Living in an Airstream trailer has definitely been one of the biggest adventures of my life. Denise and I have learned a lot as we settled into our new home, and hopefully sharing these lessons will help others:
1. Say No to Stuff
Living in an Airstream means that you have a very limited space in which to carry out your day-to-day tasks. This goes for working, bathing, cooking, sleeping, storage, and just about anything else you do. Take a tip from these movers NYC and get rid of things before your relocation! Anything that you bring into your trailer needs to be an essential item. We had quite the time downsizing from a house as big as Texas to our 200-square-foot Land Yacht. The most painful thing for me was paring down all of my beloved kitchen accessories and gadgets, but it helped me to remember that, just outside my doorstep, there’s always a ton of space. Remember, clutter is the enemy of a simple lifestyle.
2. Replace the Mattresses
This seems like a small tip, but standard Airstream mattresses are pretty terrible. Our first few nights living in the Airstream, we woke up with horrendous backaches. Invest in new ones as soon as you can afford to do so.

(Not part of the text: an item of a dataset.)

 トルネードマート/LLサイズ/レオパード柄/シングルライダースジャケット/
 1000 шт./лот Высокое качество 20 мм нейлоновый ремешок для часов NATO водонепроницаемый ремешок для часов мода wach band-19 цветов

3. Use a Mail Forwarding Service
First and foremost, I’d recommend switching any billing to paperless to reduce the amount of snail mail you receive. Then find a mail forwarding service. There are a lot of these all over the United States, and a quick internet search will help you find out which ones are available to you. We chose iPostal1 which has several locations in Texas at really low rates ($9.99/month). They scan in our mail and then we choose what gets forwarded to us.
4. Maintain your Trailer
A little preventative maintenance goes a long way! There are great comprehensive lists out there to help you learn what maintenance needs done at specific times of the year, and a good maintenance schedule can literally save you thousands of dollars in repairs. You can also get helpful tips from other Airstream owners on this forum.
5. Invest in a DVD Player
There will be days that you can’t get outside due to weather. Since you probably won’t have cable and might not have internet, a DVD player is a great form of entertainment. There’s a Red Box at nearly every corner in America, so your options are unlimited.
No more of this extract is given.